While you prepare for the holiday, with last minute shopping, finding the right tree and coordinating with family and friends, billions of others around the world will also be prepping for the season. Find out some interesting Christmas facts and how other nations around the world celebrate the season.
Home to 18 recognized religious groups, including several major Christian sects, Lebanon actually marks Christmas twice each year. Maronites, Protestants and Catholics celebrate the holiday on Dec. 25, as in the U.S. However, Lebanese Orthodox and much of the country's sizable Armenian population mark the day according to the Gregorian calendar, meaning the day is celebrated on Jan. 6. Both dates are official holidays in the country.
While the country also has a large Muslim population, the entire country lights up for the holiday. Beirut, the capital, annually features a prominent Christmas tree in the city center, next to a large mosque and cathedral, which stand side by side. Colorful lights illuminate neighborhoods throughout the country, and Christians and many Muslims mark the holiday by spending time with their families.
While it may be normal for Christians around the world to attend church on Christmas Day, residents of Caracas have decided to add a special twist. Each Christmas Eve, Venezuelans in the capital head to church ... on roller skates.

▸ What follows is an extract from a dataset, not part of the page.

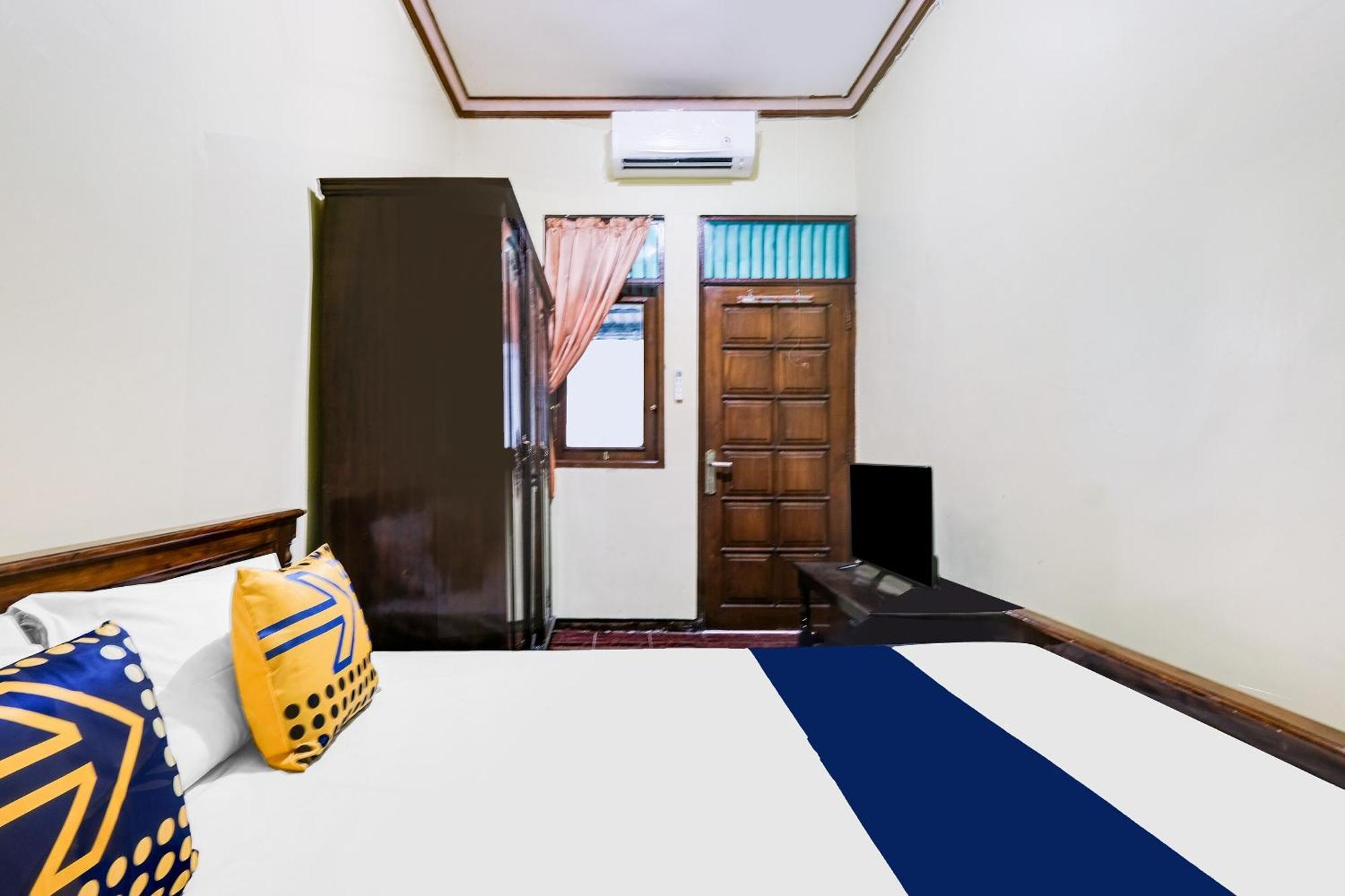 Spot On 92068 Pudja Kesuma Homestay Syariah 日惹 外观 照片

Streets are shut down, just to make way for the mass of roller skaters making their way through the city.
Throughout the country, Venezuelans begin celebrating on Dec. 16, with special programs and church services happening each day until Christmas Day.
Each year, on the Saturday before Christmas Eve, the city of San Fernando hosts The Giant Lantern Festival (Ligligan Parul Sampernandu). The festival has led to the city being dubbed the "Christmas Capital of the Philippines." Visitors from throughout the country and around the world come to take part in the festivities. As it's also a fierce competition, 11 barangays (villages) work tirelessly to build the most elaborate lanterns, attempting to outdo their neighbors.

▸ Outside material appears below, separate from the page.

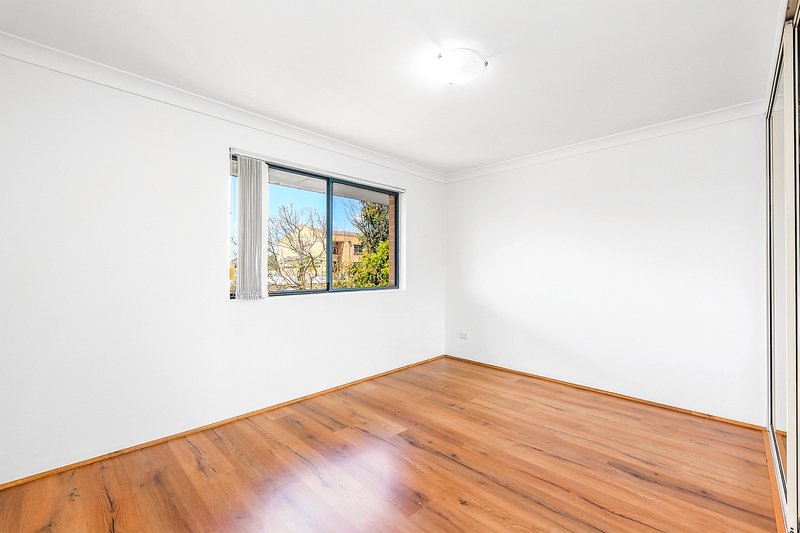 Photo - 13/17-19 Henley Road, Homebush West NSW 2140 - Image 4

The tradition comes from simple paper Japanese lanterns, no bigger than half a meter in diameter. Now, due to the competition, the lanterns can be made from a variety of materials and are up to six meters in size. Instead of candles, electric bulbs are used, sparkling in colorful designs.
In Ghana, where more than 30 languages are spoken, each group has its own unique traditions associated with Christmas. However, overall, the population celebrates from Dec. 20 through the first week of January. What kid wouldn't love two weeks of Christmas?
Although there are celebrations during the entire Christmas season, the biggest parties take place on Christmas Eve. Church services, which people attend wearing their colorful traditional clothing, feature drumming and dancing, as well as nativity plays and singing in languages understood by most people.
Ever since 1966, the Swedish city of Gävle has erected a massive 40-foot-tall Yule Goat in Castle Square to prepare for Christmas. But the goat doesn't always survive until the holiday.
The bizarre tradition has led to a related one, where city residents attempt to burn the goat. These efforts have been successful 29 times, with the most recent success being last year.
Will the goat survive the 2017 season? When it goes up on Dec. 1, there will be a live stream so you can keep tabs for yourself.